Having coined the Outlaw label via the song ‘Ladies Love Outlaws’, which appeared on the 1972 album of the same name, Jennings linked with Willie Nelson for ‘Wanted: The Outlaws’, a collection of songs beloved by country fans who liked their singers to tote denim and leather rather than rhinestoned suits and wear their hair long.
Jennings lived life to the full, as his lined countenance showed. He also faced health issues with diabetes and had heart problems: when he had bypass surgery, Johnny Cash was in the next bed! In 2001, a year before his death, he was inducted into the Country Music Hall of Fame, but chose not to attend until later on – an outlaw to the end.
When Johnny Cash auditioned at Sam Phillips’ Sun Records in the Fifties, he hoped to record the gospel music he grew up on. Phillips had an eye for talent but didn’t believe gospel would sell. Instead he persuaded Cash to perform in the style that was bringing the label success with artists such as Elvis and Carl Perkins – rock’n’roll.

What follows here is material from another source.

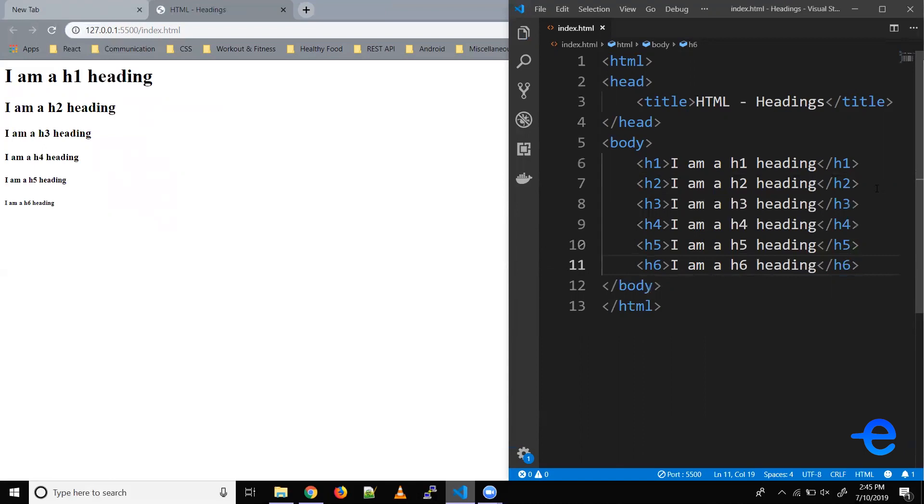And as you can see on the web browser it's printing all our headings with different fonts. So h1 has the biggest font and h6 has the smallest font.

Cash’s future was assured before he left for Columbia Records in 1958. Like many of his peers, he fought his demons daily in the form of drugs and alcohol, and is turbulent life would be immortalised on the silver screen in the 2005 motion picture Walk The Line. We feature the song from 1956 that titled the movie, plus many more hits and signature tracks.
Country music has always celebrated the common man and the ordinariness of everyday life, and Cash illustrated this with songs like ‘Five Feet High And Rising’. Inspired by an incident in his childhood, it came from his 1959 release ‘Songs Of Our Soil’ that celebrated the farmers of his native state of Arkansas.
He reprised the song in the Seventies on TV’s Sesame Street alongside puppet character Biff, advising children to learn to swim. Not perhaps the image of an Outlaw – but then again Cash, who worked right up until his death and posthumously topped the US album chart in 2006, never did things by the rulebook.
Outlaw country provided a viable, gritty and realistic alternative to glossy, production-line music. Enjoy this compilation of three of its very best practitioners.